Exercise goal: Required from the data below: the exact lines starting at the line containing "Building Photo - 707 S Farmer Ave" and ending at the line containing "10 Greatest Punjabi", with both ends kept and all pictures dropped.

(Captioned web images)
******************************

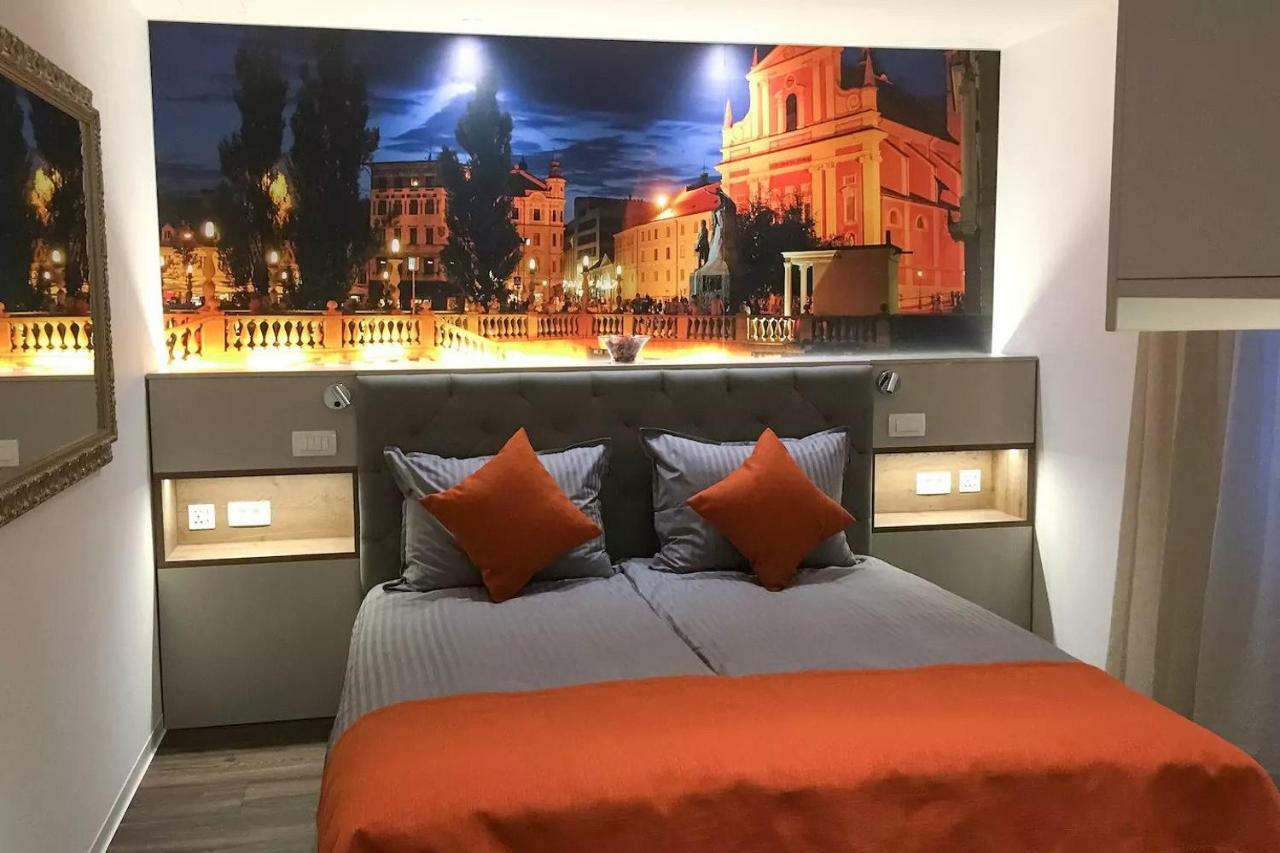 ★ Exclusive Central Apartment ★ Free Garage ★ Ljubljana Kültér fotó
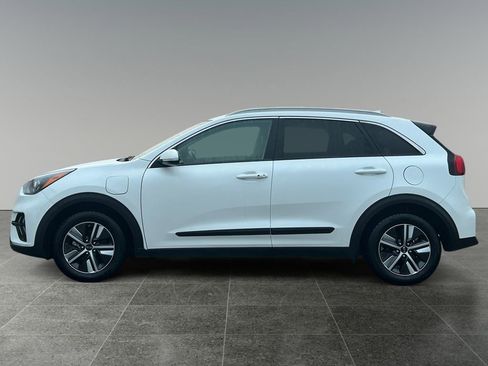 Used 2021 Kia Niro EX image 4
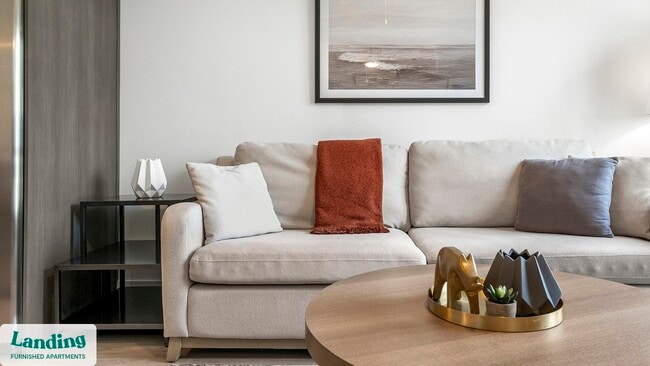 Building Photo - 707 S Farmer Ave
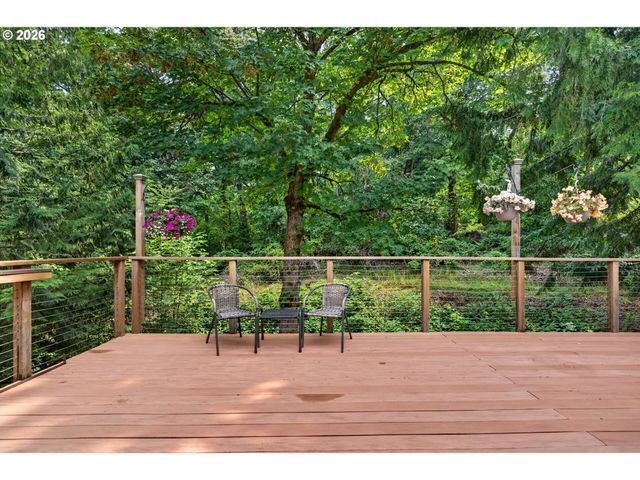 2060 Sw BUTLER Rd, Gresham, OR 97080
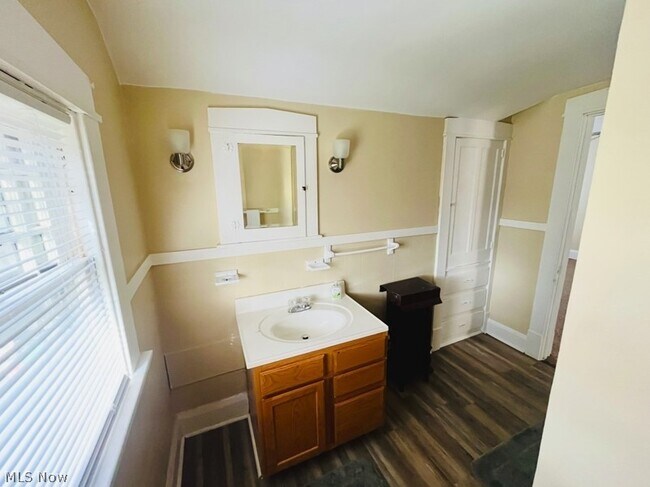 Building Photo - 3114 Neosho Rd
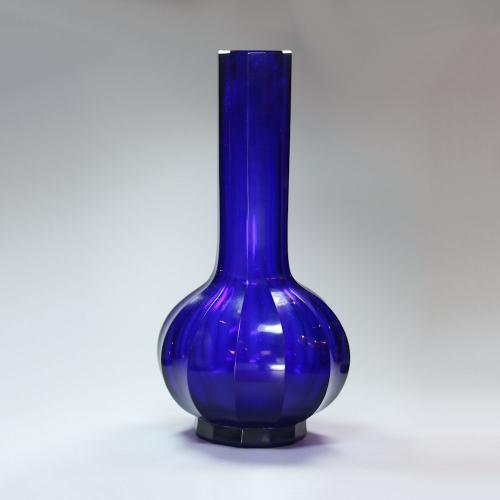 Chinese Imperial deep blue faceted glass bottle vase, Qianlong mark and period (1736-95)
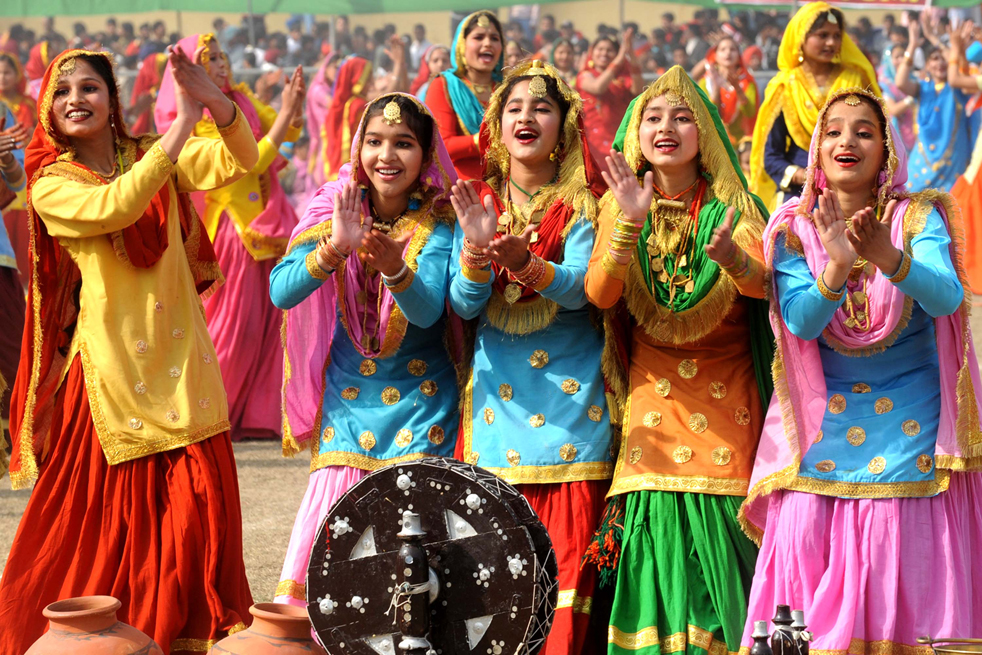 10 Greatest Punjabi Folk Songs Hummed By Every Punjabi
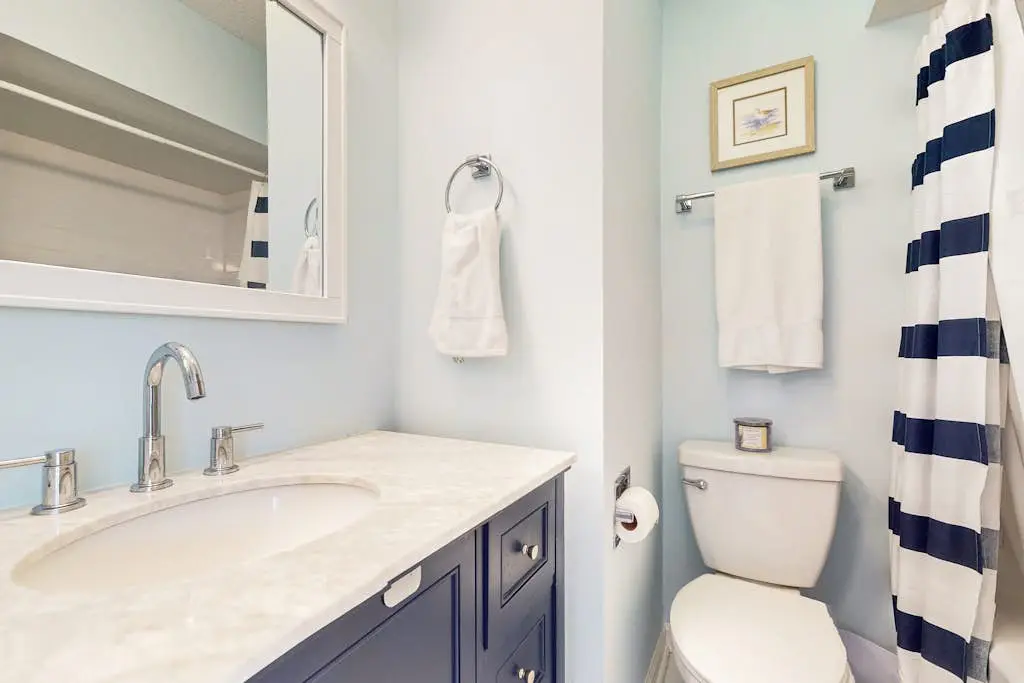 Perfect condo across street from beach access with outdoor pool & grill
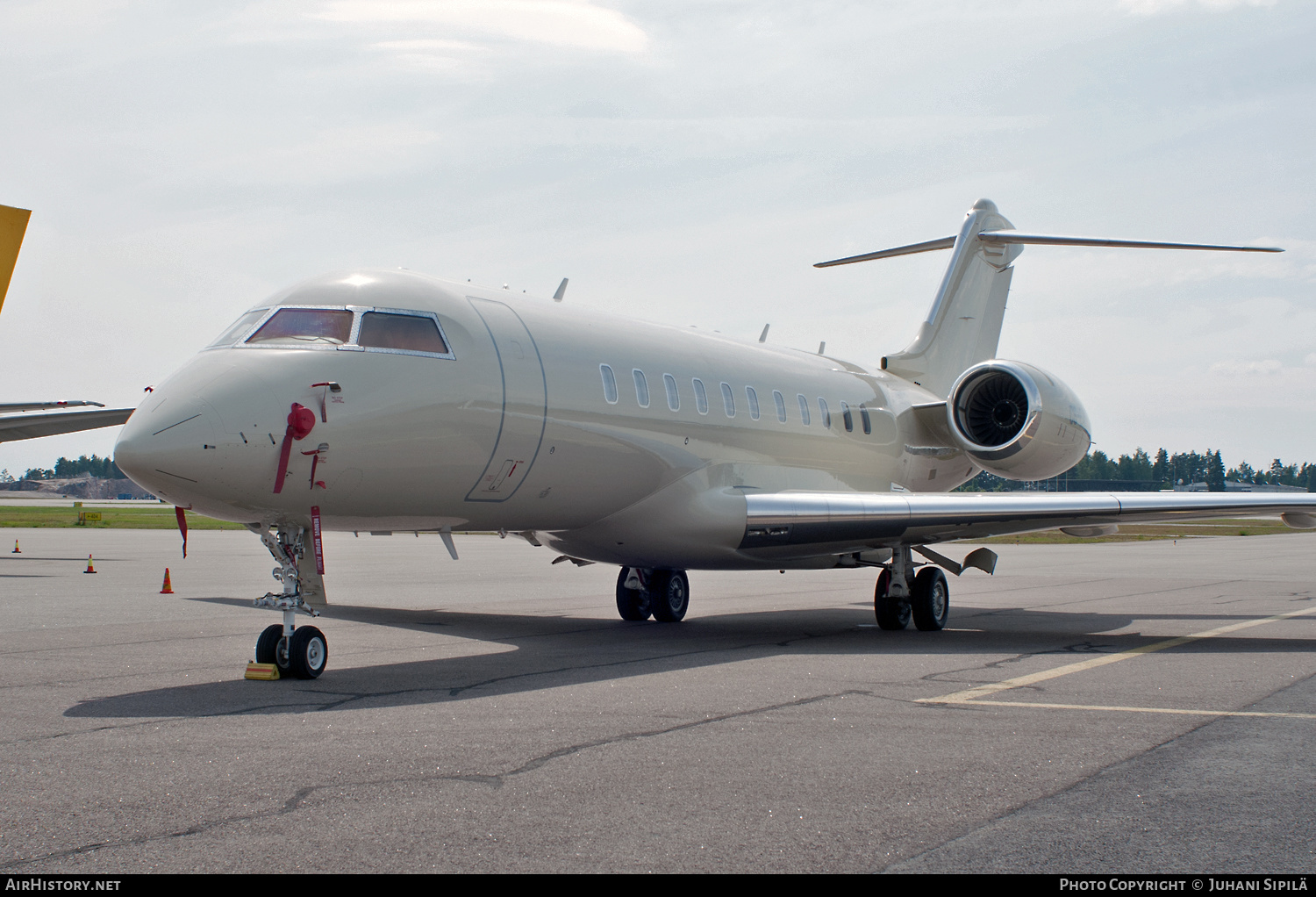 Aircraft Photo of CS-EAM | Bombardier Global 5000 (BD-700-1A11) | AirHistory.net #125734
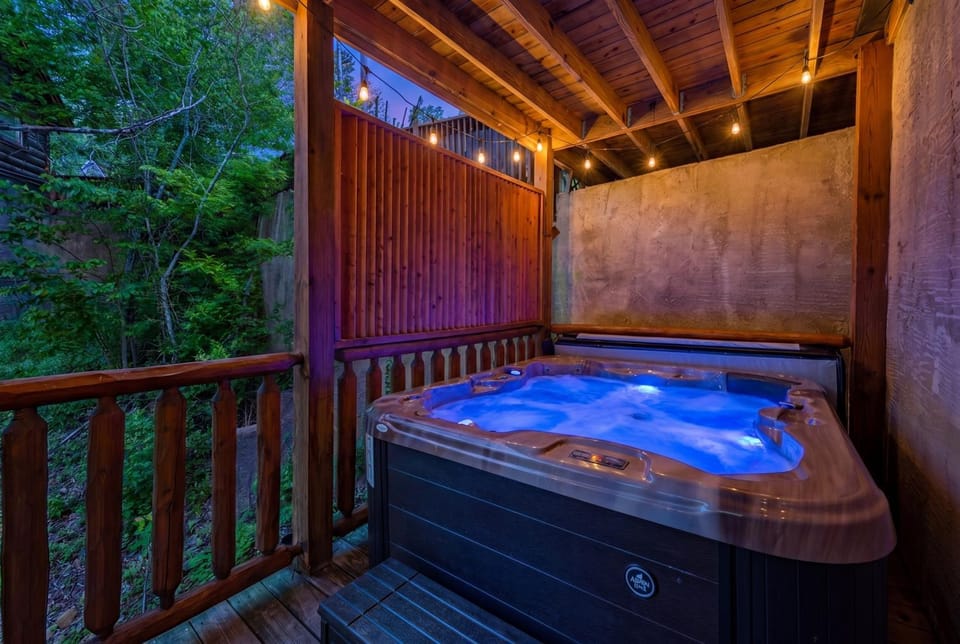 Hot Tub, Hot Tub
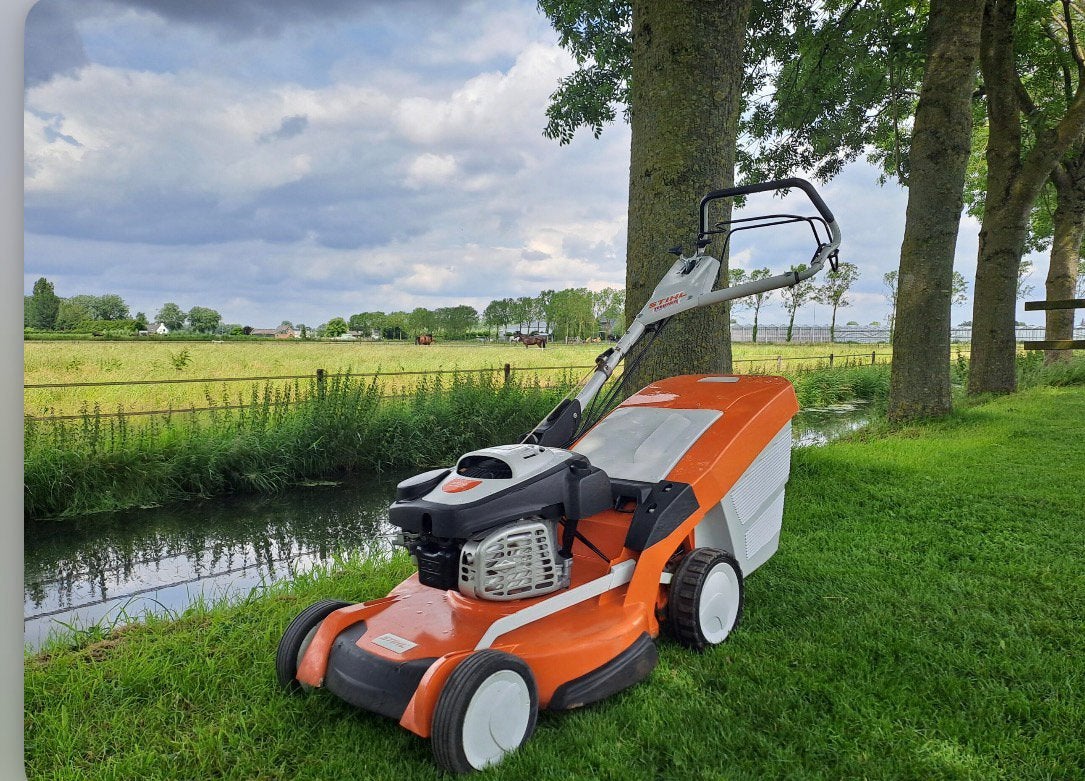 Gezocht,oude brommer, grasmaaier,bosmaaier,iets op benzine, Fietsen en Brommers, Ophalen of Verzenden, Zo goed als nieuw, Overige modellen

******************************

Output for this exercise:
 Building Photo - 707 S Farmer Ave
 2060 Sw BUTLER Rd, Gresham, OR 97080
 Building Photo - 3114 Neosho Rd
 Chinese Imperial deep blue faceted glass bottle vase, Qianlong mark and period (1736-95)
 10 Greatest Punjabi Folk Songs Hummed By Every Punjabi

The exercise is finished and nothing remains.